Terry Reedy tjreedy at udel.edu
Tue Dec 11 13:06:47 EST 2018

On 12/1/2018 2:08 PM, Steven D'Aprano wrote:

> This proof of concept wrapper class could have been written any time
> since Python 1.5 or earlier:

> class lazymap:
>      def __init__(self, function, sequence):

One could now add at the top of the file
    from collections.abc import Sequence

and here

     if not isinstance(sequence, Sequence):
         raise TypeError(f'{sequence} is not a sequence')

>          self.function = function
>          self.wrapped = sequence
>      def __len__(self):
>          return len(self.wrapped)
>      def __getitem__(self, item):
>          return self.function(self.wrapped[item])

For 3.x, I would add

         def __iter__: return map(self.function, self.sequence)

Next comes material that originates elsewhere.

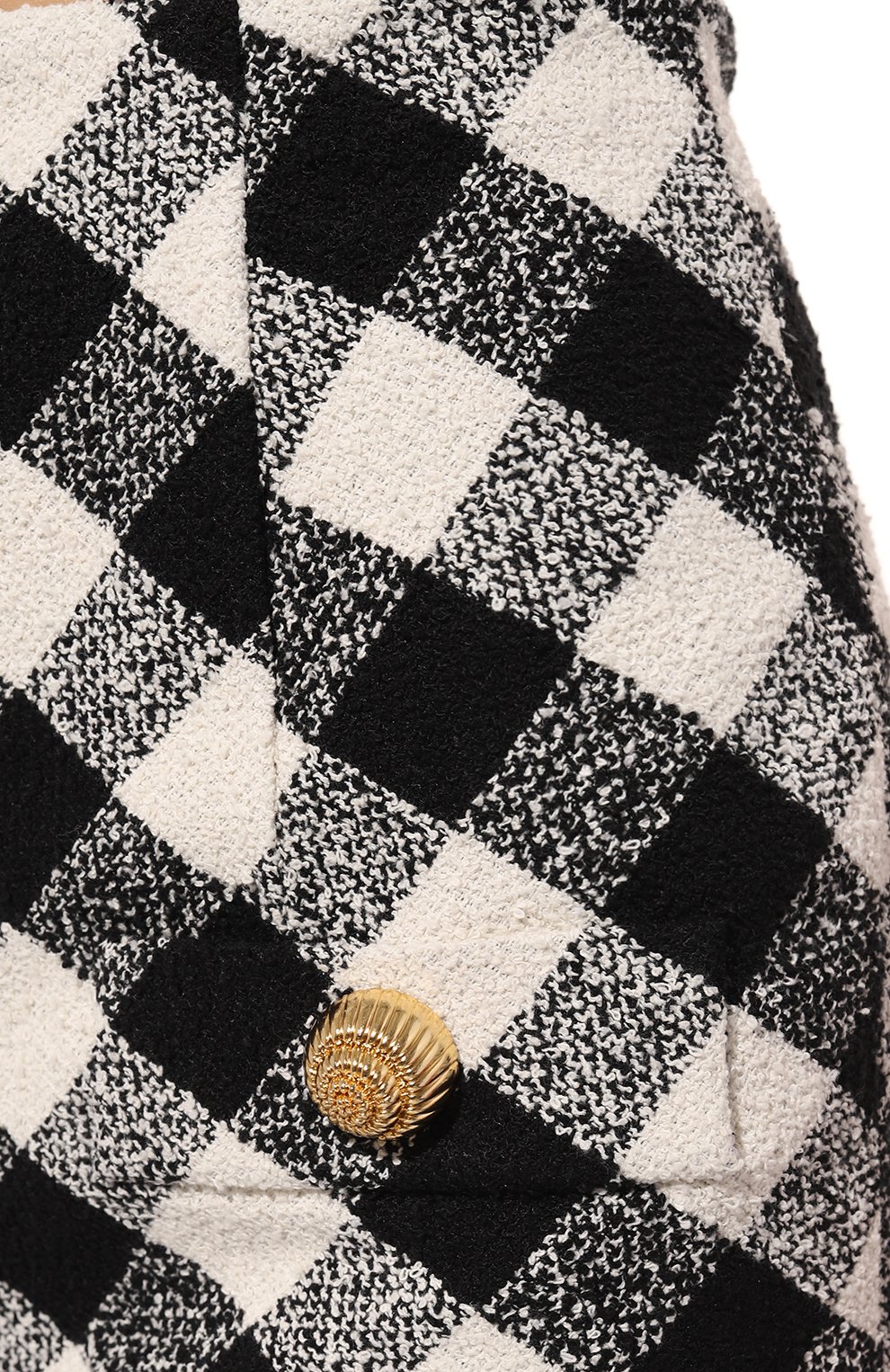 Твидовая юбка BALMAIN, арт. DF0LBA33/CF57, фото 5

but your point that iteration is possible even without, with the old 
protocol, is well made.

> It is fully iterable using the sequence protocol, even in Python 3:
> py> x = lazymap(str.upper, 'aardvark')
> py> list(x)
> ['A', 'A', 'R', 'D', 'V', 'A', 'R', 'K']
> Mapped items are computed on demand, not up front. It doesn't make a
> copy of the underlying sequence, it can be iterated over and over again,
> it has a length and random access. And if you want an iterator, you can
> just pass it to the iter() function.
> There are probably bells and whistles that can be added (a nicer repr?
> any other sequence methods? a cache?) and I haven't tested it fully.
> For backwards compatibilty reasons, we can't just make map() work like
> this, because that's a change in behaviour. There may be tricky corner
> cases I haven't considered, but as a proof of concept I think it shows
> that the basic premise is sound and worth pursuing.